US 12,488,034 B2
Searching editing components based on text using a machine learning model
Sijie Zhu, Los Angeles, CA (US); Lu Xu, Los Angeles, CA (US); Fan Chen, Los Angeles, CA (US); and Longyin Wen, Los Angeles, CA (US)
Assigned to Lemon Inc., Grand Cayman (KY)
Filed by Lemon Inc., Grand Cayman (KY)
Filed on Mar. 7, 2024, as Appl. No. 18/599,097.
Prior Publication US 2025/0284723 A1, Sep. 11, 2025
Int. Cl. G06F 17/00 (2019.01); G06F 16/334 (2025.01); G06F 16/338 (2019.01); G06N 20/00 (2019.01)

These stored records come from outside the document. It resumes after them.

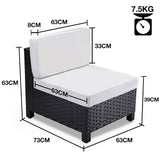 LONDON RATTAN 1pc Sofa Outdoor Furniture Setting - Steel Frame Garden Lounge - Rear View
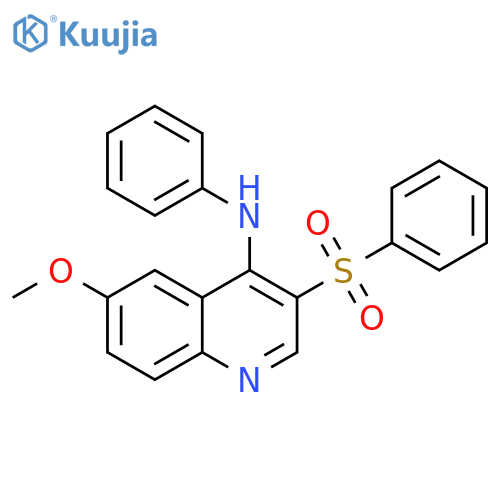 3-(benzenesulfonyl)-6-methoxy-N-phenylquinolin-4-amine structure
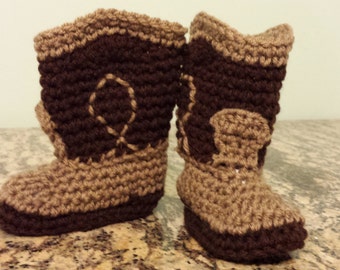 Brown and tan cowboy boot style baby booties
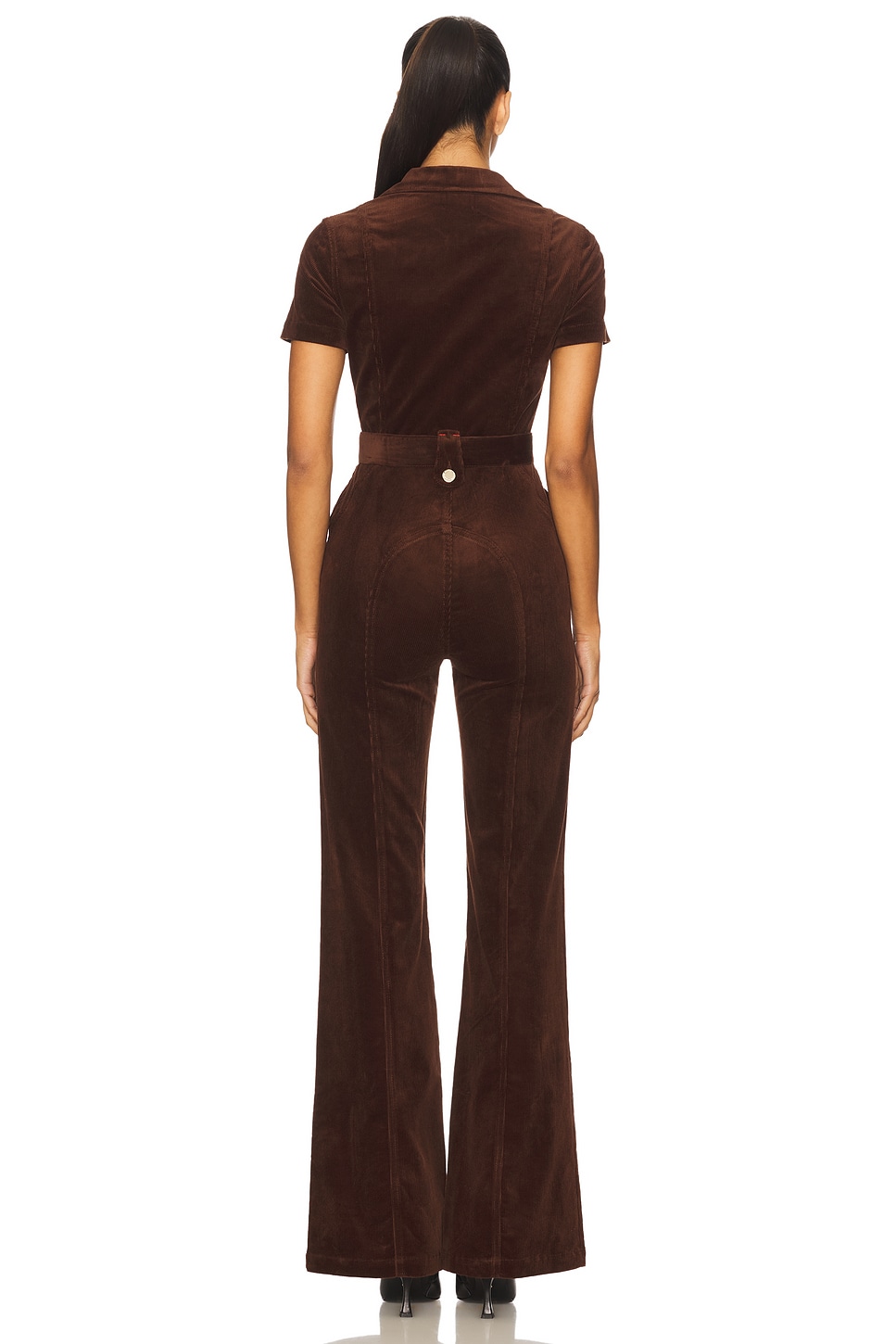 Alice + Olivia Gorgeous Wide Leg Jumpsuit in Dark Chocolate | REVOLVE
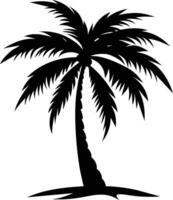 A black silhouette of a coconut tree vector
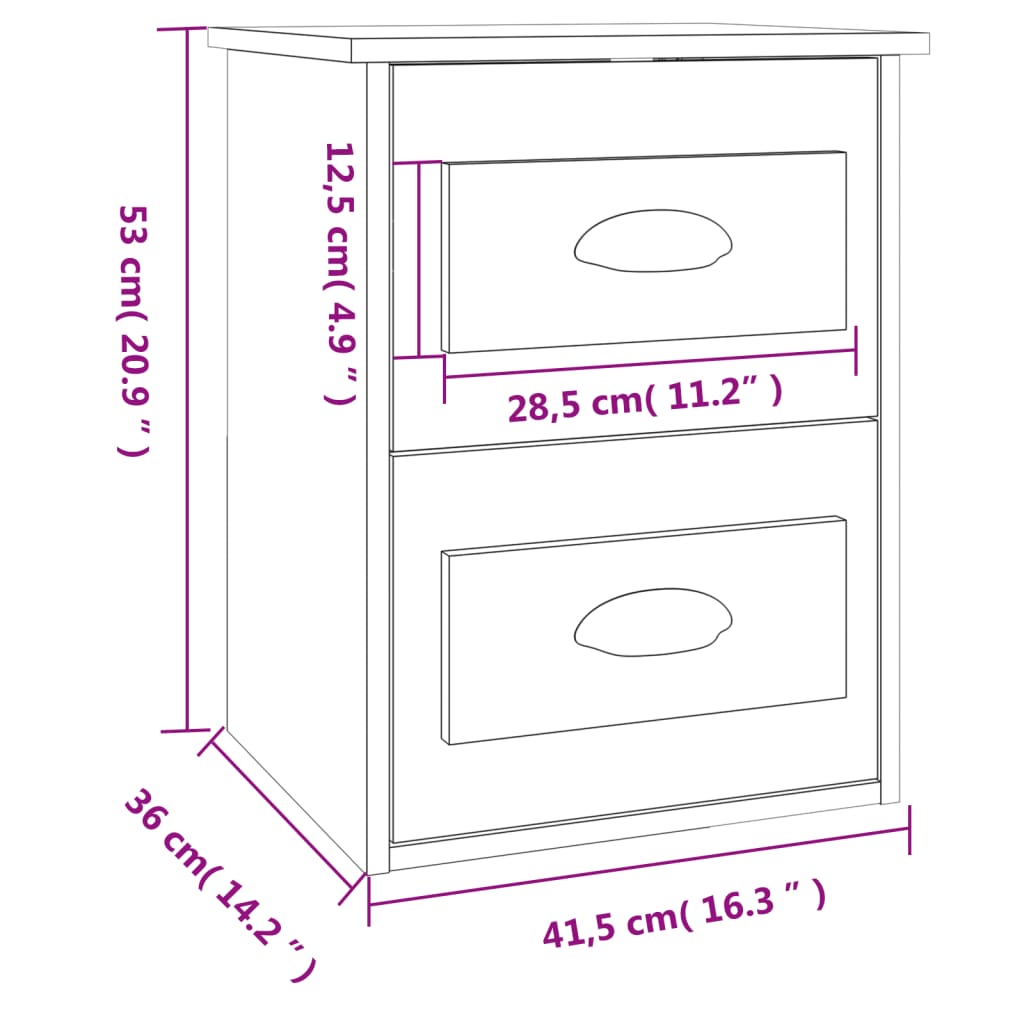 Wall-mounted Bedside Cabinet High Gloss White 41.5x36x53cm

CPC G06F 16/338 (2019.01) [G06F 16/334 (2019.01); G06N 20/00 (2019.01)] 20 Claims
OG exemplary drawing
 
1. A method for searching editing components based on text using a machine learning model, comprising:
acquiring a plurality of visual embeddings indicative of a plurality of visual editing components by the machine learning model, wherein the machine learning model is trained to align visual embeddings with text embeddings by projecting the visual embeddings and the text embeddings into a common space, and wherein the plurality of visual editing components comprise effects configured to be applied to videos;
projecting the plurality of visual embeddings indicative of the plurality of visual editing components into the common space by a first sub-model of the machine learning model;
receiving a text query input by a user;
generating a text embedding indicative of the text query;
projecting the text embedding into the common space by a second sub-model of the machine learning model;
determining at least one visual editing component among the plurality of visual editing components based on the projected text embedding and the plurality of projected visual embeddings in the common space;
displaying information indicative of the at least one visual editing component via a user interface; and
applying the at least one visual editing component to a video in response to user input selecting the at least one visual editing component.